4. Conclusion et Discussion :
Un premier aperçu des journaux qui rendent compte de ce sujet nous donne déjà une idée de la force responsable du développement de la recherche dans ce domaine. Le côté appliqué de ces enzymes semble être de grand intérêt tant économique comme environnemental. Le fait que les animaux d’élevage monogastrique ne sont pas capables d’utiliser le phytate, provenant des céréales utilisés dans sa nourriture, comme source de phosphore, implique la nécessité d’introduire du phosphore inorganique comme additif supplémentaire.

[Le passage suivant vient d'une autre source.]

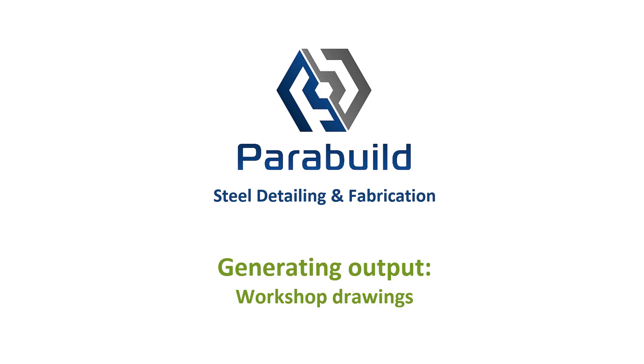In this exercise, we'll generate workshop drawings for plates, profiles and assemblies.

Les déchets de ces animaux sont donc très riches en phosphore, et quand ceux-ci sont utilisés comme engrais, l’excès de phosphates pollue les sources d’eau présentes dans la nature. Puisque le phosphate est un nutriment limitant pour la reproduction de microbes, la présence de phosphore dans ces sources d’eau mène à l’eutrophysation.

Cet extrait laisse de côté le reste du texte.